Algorithmic Complexity Analysis: practically using Knuth's Ordinary Operations (oops) and Memory Operations (mems) method

Question 1

A comparison between memory fetches and register operations is okay for assembler programs, as it is for the output of c-compilers, which is in fact an assembler program. In Forth this question hardly makes sense. In the first place Forth is an interpreter and in using Forth one foregoes the ultimate in speed. Of course one could add an optimiser on top of Forth but then the question makes even less sense, because the output of a c-optimiser and a Forth optimiser converge to -- you guessed it -- an optimal solution.

Let's look at an elementary operation in Forth like AND. This is implemented as

> CODE AND
>     POP AX
>     POP BX
>     AND AX, BX
>     PUSH AX
>     NEXT

So we see already three memory operations for something that looks like an elementary calculation operation. It appears the Knuth metric is not applicable. Also Forth seems to be loosing big time.That is however not true. Those memory operations are all onto the L1 cache of a typical processor. That is about as efficient as local variables in small c functions, We can compare stack operations with memory operations using VARIABLE's and the stack. The answer is simple. A VARIABLE risks a memory stall. A stack operation will almost certainly be a L1 cache hit. This is the single most important point of consideration. However the question explicitly asks not to consider it! So there.

Question 2

This article How much time does it take to fetch one word from memory? talks about main memory stall times, with some rule of thumb type numbers, but basically you can do lots of instructions while stalling for main memory.

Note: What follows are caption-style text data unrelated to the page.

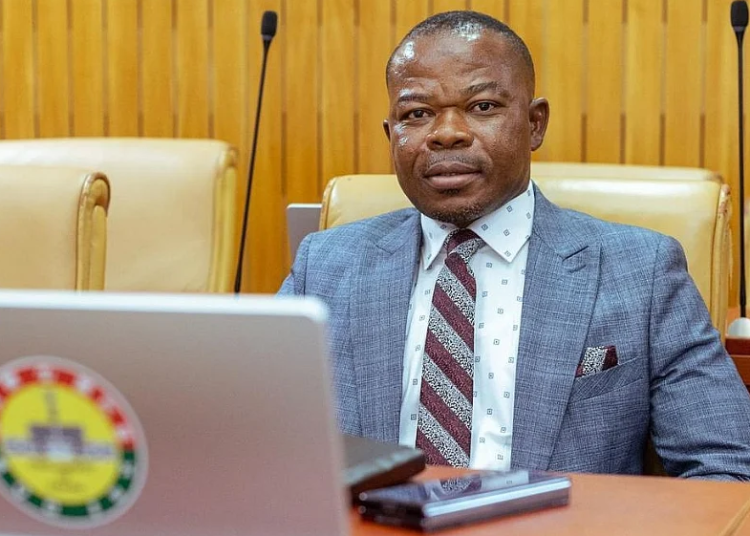 Binduri MP Confident in IGP’s Akwatia Plans, Calls for Military Fleet Renewal 1 Hon. Issifu Mahmoud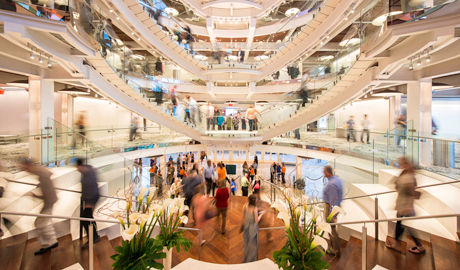 Soft targets are typically soft because they provide easy public access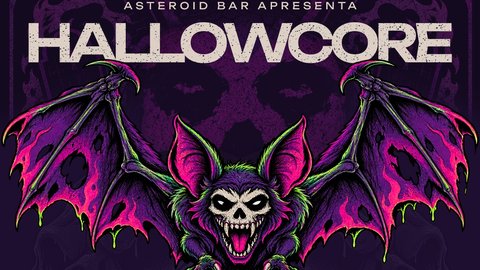 Hallowcore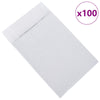 Vidaxl niet-geweven stof huisdier trainingspad 100 pcs 60 x 60 cm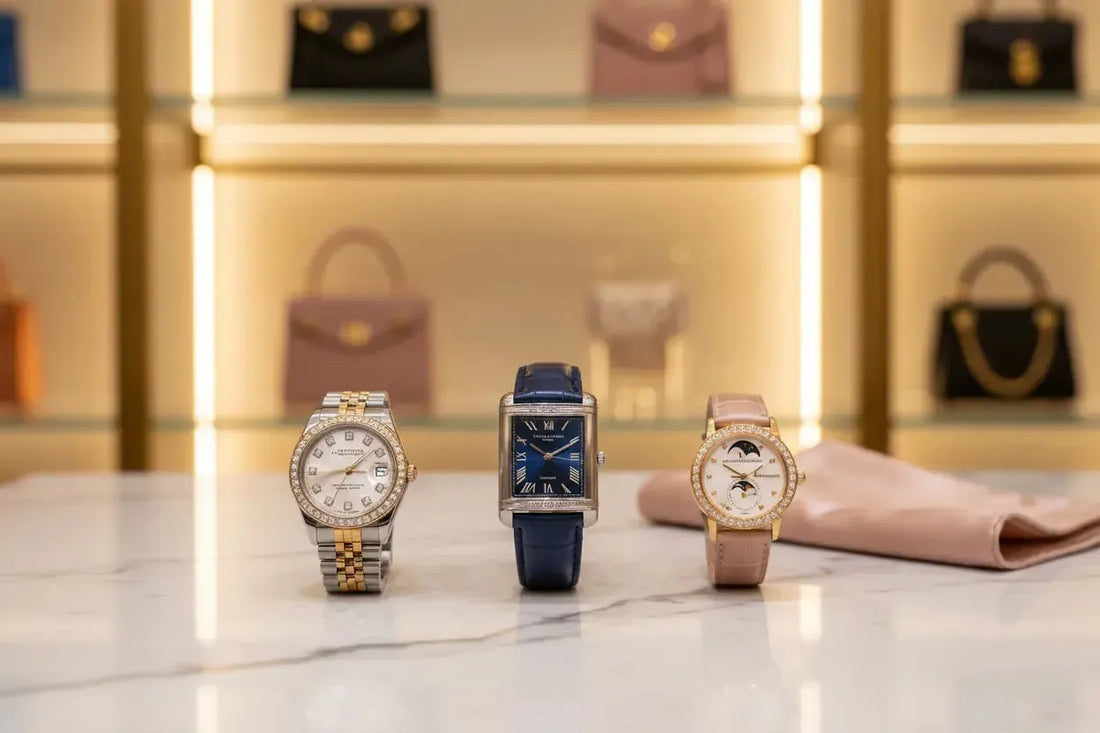 Women in Watchmaking & The Rise of Ladies' Luxury Watches
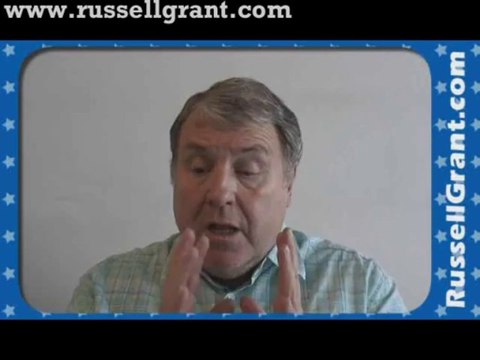 Russell Grant Video Horoscope Sagittarius August Thursday 29th 2013 russellgrant.com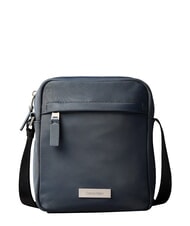 CALVIN KLEIN CLEAN Bolso de hombro azul pizarra - Bandoleras Hombre - 1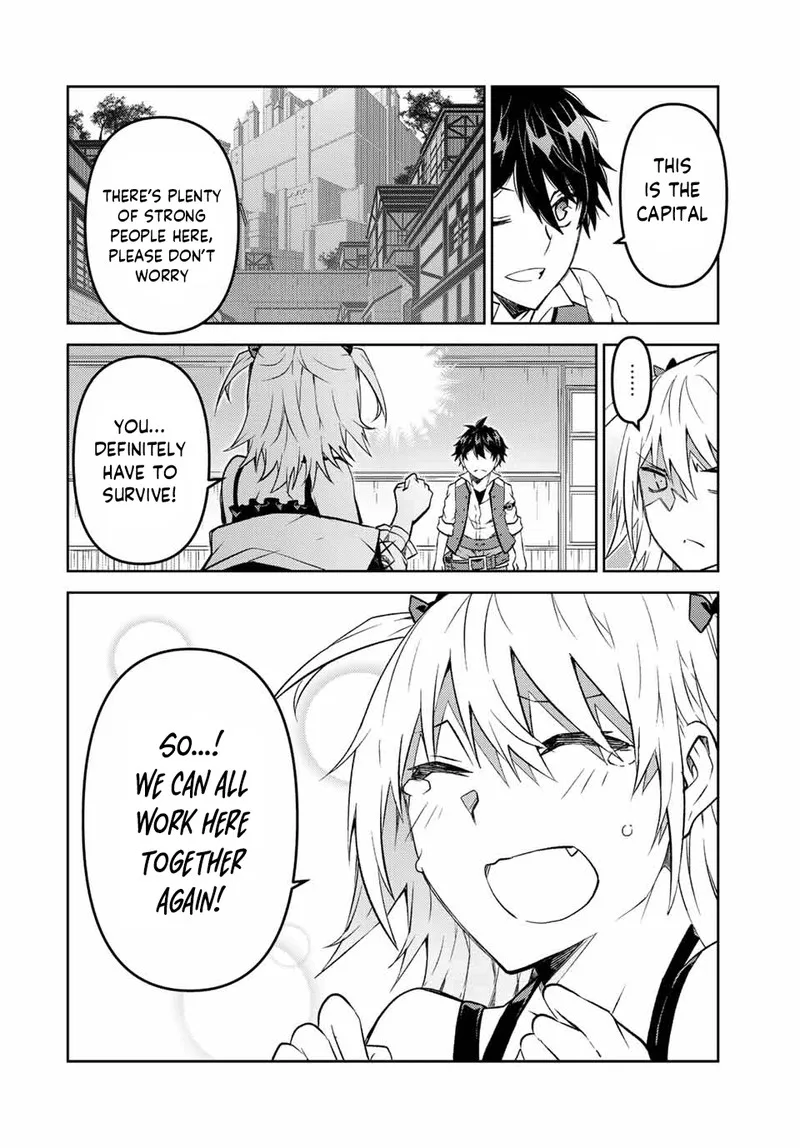 The Weakest Occupation "Blacksmith," but It's Actually the Strongest Chapter 106 page 6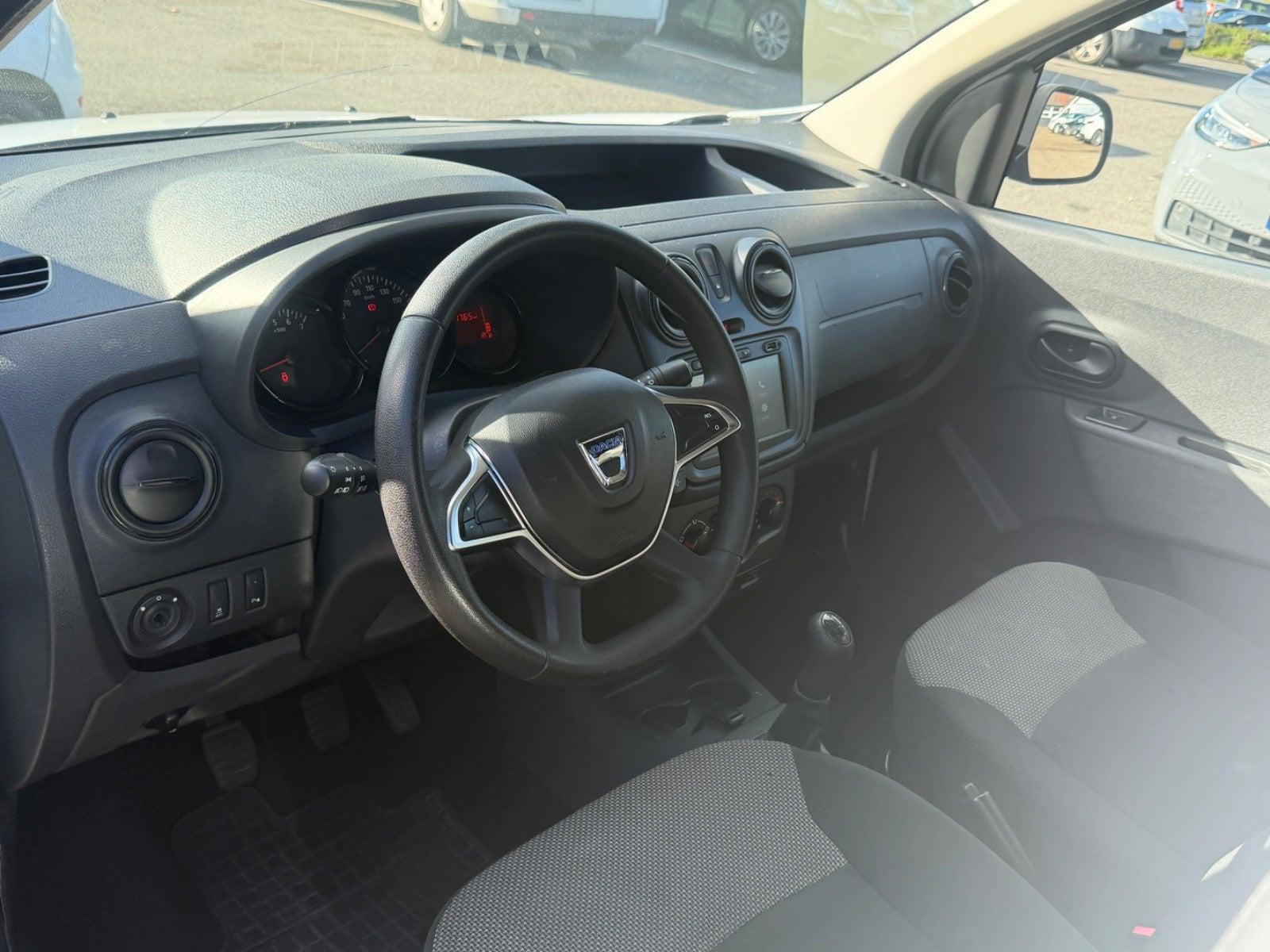 undefined Dacia Dokker fra 2018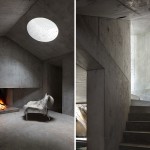 Concrete Cabin by Nickisch Sano Walder_8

As others have said, the numbers vary a lot between systems.

Main memory stalls is a big area of interest, especially as CPUs have more cores, but typically not much faster memory bandwidth. There is some research going on around compressing data in main memory too, so that the CPU can take advantage of 'spare' cycles and tightly packed cache lines http://oai.cwi.nl/oai/asset/15564/15564B.pdf

For those who are really interested in the details, most CPU manufacturers publish in depth guides on memory optimisations etc. mostly aimed at high end and compiler writers, but readable by all 2gl and 3gl programmers.

Ps. Go Forth.